楽にあなたのクラウドを守ろう! - CNAPP概要
要約
- 複数のセキュリティツールを使うのって大変だよね
- CNAPPとは統合セキュリティプラットフォーム っていう概念だよ
- タイトルの「楽に」の意味は、CNAPP導入で結果的に運用が楽になるよ、という意味だよ
- CNAPPを実現するツールは色々あるよ
はじめに
クラウドネイティブアプリケーションのセキュリティ対策で以下のような課題を抱えていませんか?
- 複数のセキュリティツールを個別に運用している
- それぞれが独立した警告を発し、全体像が見えない
- 運用コストが膨大で重要な脅威を見逃すリスクがある
そんな課題を解決するのがCNAPP(Cloud Native Application Protection Platform) です。
本記事では、CNAPPとは何か、なぜ必要なのか、そして実際にどう活用するかについて見ていきます。(偉そうなことを言っていますが、PEK2025で言葉を知りました。)
CNAPPとは
CNAPP(Cloud Native Application Protection Platform) とは、Gartnerが2021年に提唱したクラウドネイティブ環境のセキュリティを保護するための統合セキュリティプラットフォーム です。これは特定ツールを指すものではなく概念 です。
従来のセキュリティツールが個別の領域をカバーしていたのに対し、CNAPPはアプリケーションの開発から運用までのライフサイクル全体を一元的に保護します。
Gartnerって誰?
Gartner(ガートナー)とは、情報技術(IT)分野におけるリサーチ&アドバイザリー会社で、世界的に影響力を持つ組織の一つです。創業者の名前がGartnerで、1979年に設立されました。
CNAPPの概要
出展:https://innetworktech.com/wp-content/uploads/2024/09/July-2024-Gartner-CNAPP-Reprint.pdf
上図はCNAPP定義資料で使われるData Plane / Control Planeの区分をCNAPPの文脈に応用したものです。Data PlaneとControl Planeはネットワーク用語です。
- Data Plane:実際のデータ処理
- Control Plane:管理・制御機能
押さえるべきポイントは6つです。
Data Plane領域
- Development — artifact scanning, testing and analysis
- Exposure scans and attack path analysis
- Runtime analysis and workload protection
Control Plane領域
- Cloud security posture management (CSPM)

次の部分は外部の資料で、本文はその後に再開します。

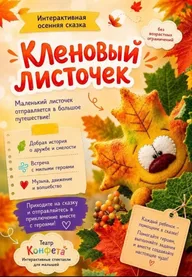 Афиша: Спектакль «Кленовый листочек»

- Cloud infrastructure entitlement management (CIEM)
- Kubernetes security posture management (KSPM)
これら全ての領域を包括的に保護しようということです。それぞれは後で詳しく見ていきます。
なぜCNAPPが必要なのか?
従来のクラウドセキュリティの課題
クラウドネイティブ環境を守ろうとすると、個別のセキュリティツールを組み合わせて使う必要がありました。
個別ツール運用の3つの大きな問題
このような状況ですと、いろいろな課題が出てきます。ここでは3つ取り上げます。
1. アラート疲れ(Alert Fatigue)
- CSPM >「S3バケットが公開されてるよ」
- CWPP >「異常なプロセスが検出されたよ」
- SIEM >「不審なログインがあったよ」
複数ツールによる重複アラートや、誤検知・ノイズの多発により対処が困難になります。本当に危険な脅威の判別が非常に困難です。
2. コンテキストの欠如
各ツールが独立しているため、脅威の全体像が見えません。
- 開発時の脆弱性と運用時の攻撃の関連性が把握できない
- インフラとアプリケーション層の相関が見えない
- ビジネスへの影響度を評価できない
- チーム間の情報共有が困難
3. 運用コストの増大
- 複数ツールの習得・運用コスト
- チーム間の情報共有オーバーヘッド
- 重複する機能への投資
CNAPPは開発から運用までのライフサイクル全体を一元的に保護し、これらの課題を根本的に解決します。
CNAPPの構成要素
前述したData Plane領域とControl Plane領域の各要素について詳しく説明します。
Data Plane領域
Data Plane領域は、実際のアプリケーションやワークロードのデータ処理に関わるセキュリティ機能を担当します。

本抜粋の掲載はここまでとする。